Captioned web image data:

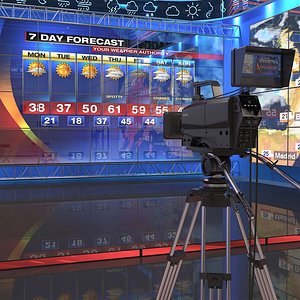 3D studio tv weather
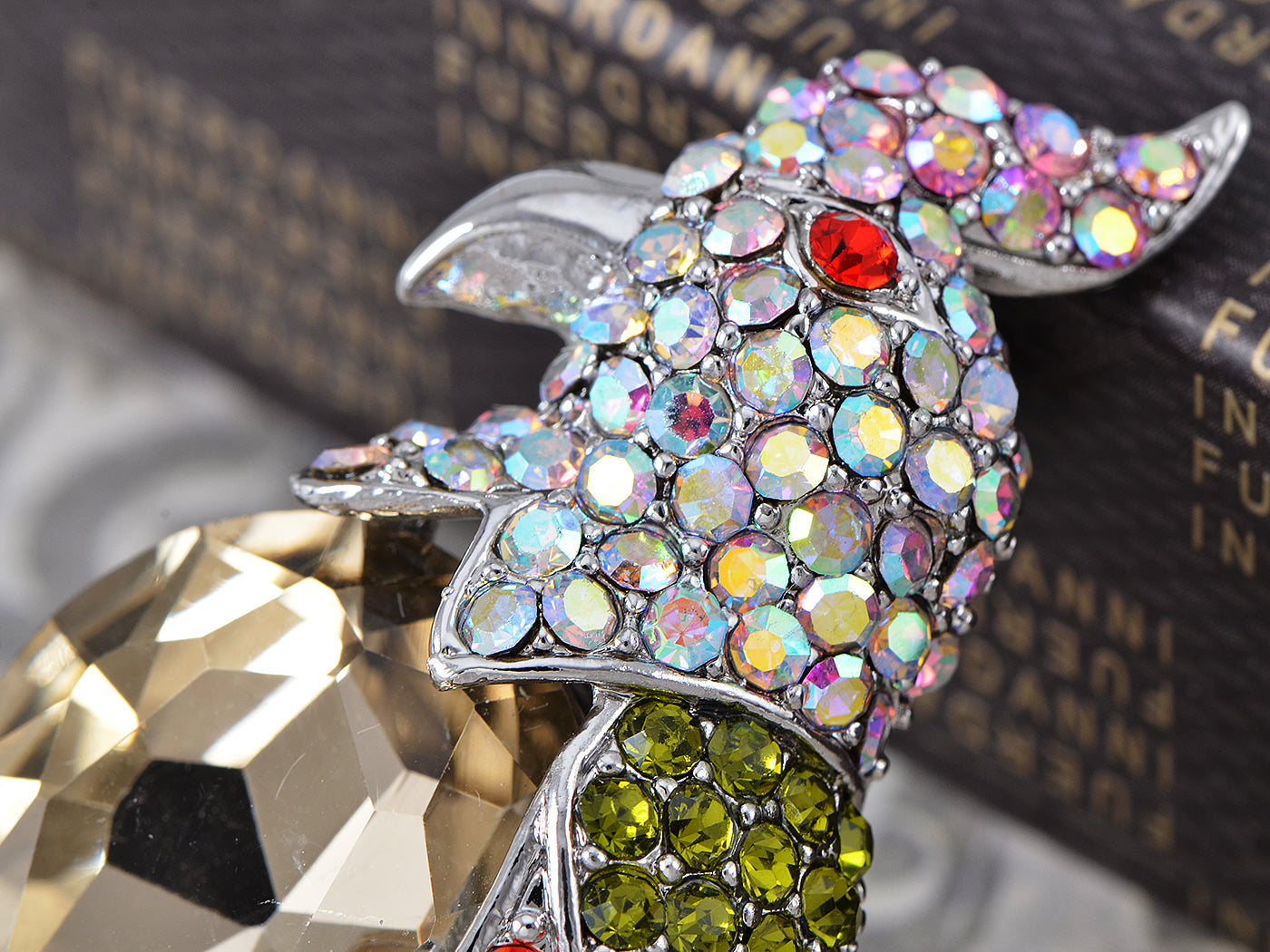 Colorful Tropical Parrot Bird Brooch Pin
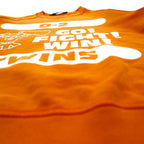 Dsquared2 Distressed Print Sweatshirt M Orange Made in Italy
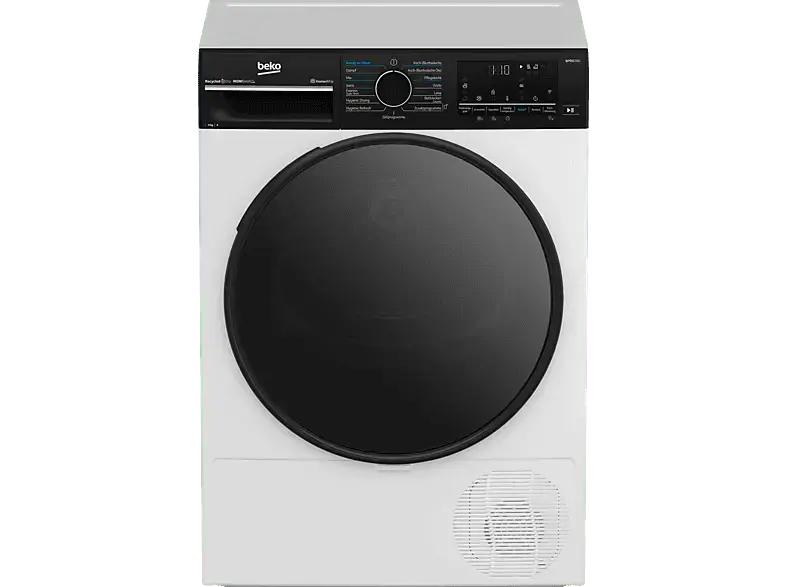 Beko B7T692A3WW W&auml;rmepumpentrockner (9 kg, EEK: A, 60 dB(A)), Wei&szlig;)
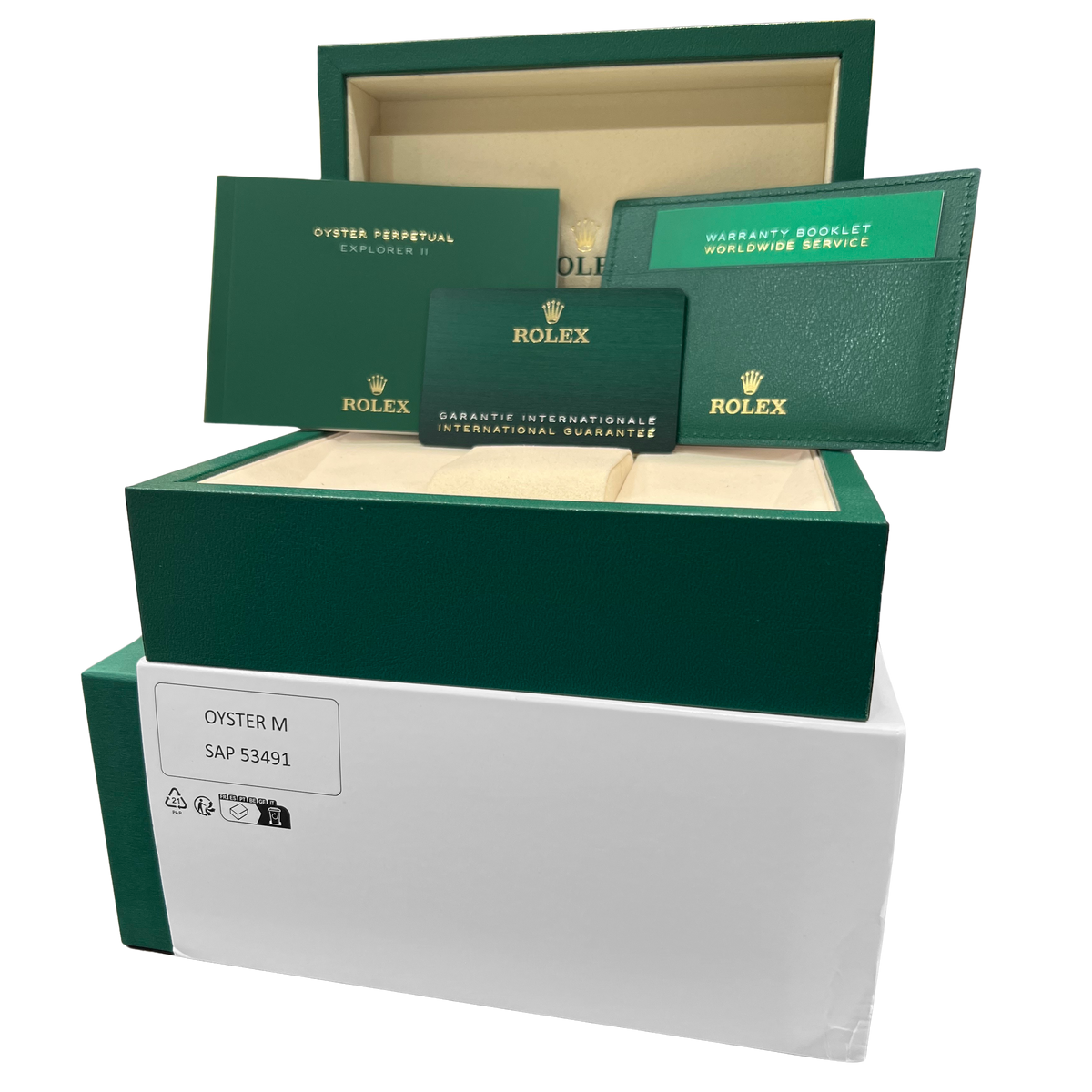 New 2026 Rolex Explorer II 226570 White Stainless Steel 42mm Watch Box Papers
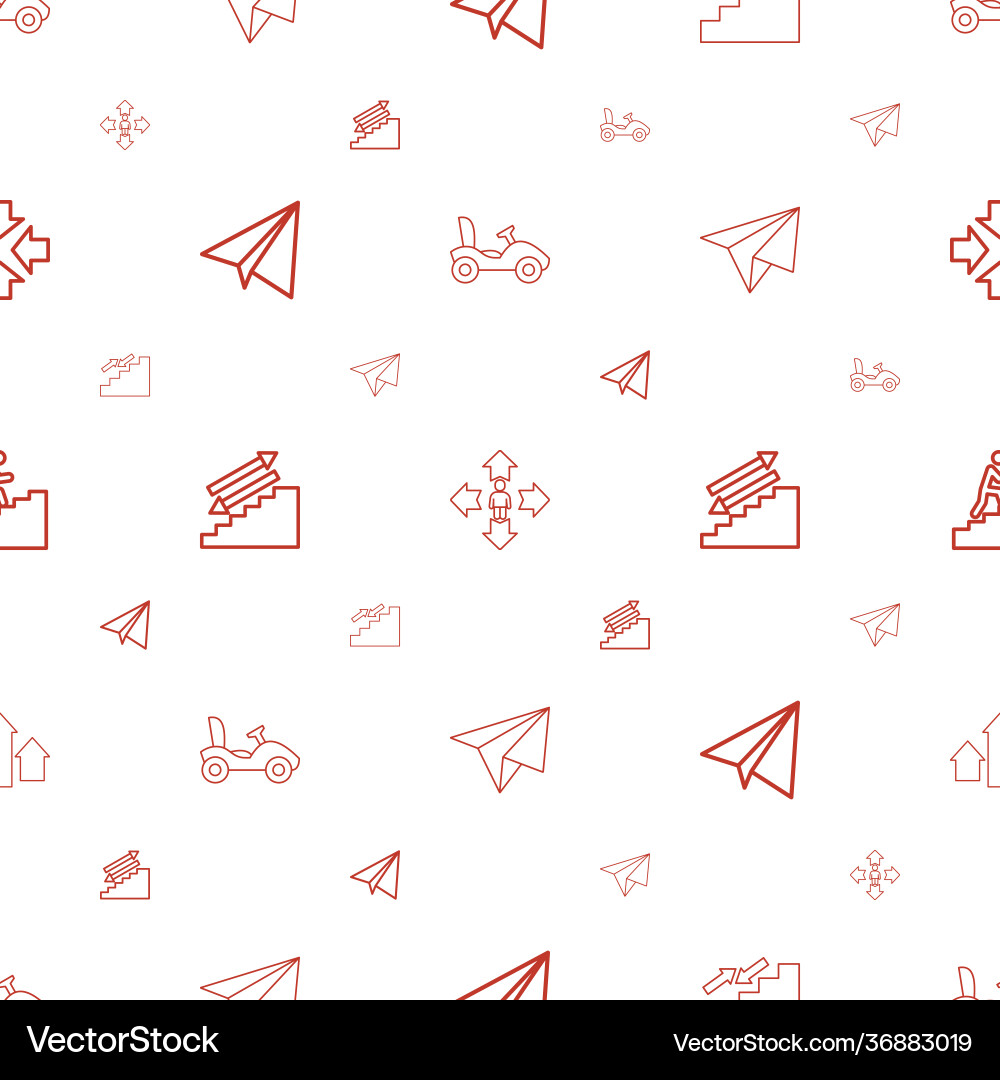 Move icons pattern seamless white background Vector Image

## EXERCISE BRIEF
From the first line to the last, set down the records word for word and drop the images.

## EXERCISE OUTPUT
 3D studio tv weather
 Colorful Tropical Parrot Bird Brooch Pin
 Dsquared2 Distressed Print Sweatshirt M Orange Made in Italy
 Beko B7T692A3WW W&auml;rmepumpentrockner (9 kg, EEK: A, 60 dB(A)), Wei&szlig;)
 New 2026 Rolex Explorer II 226570 White Stainless Steel 42mm Watch Box Papers
 Move icons pattern seamless white background Vector Image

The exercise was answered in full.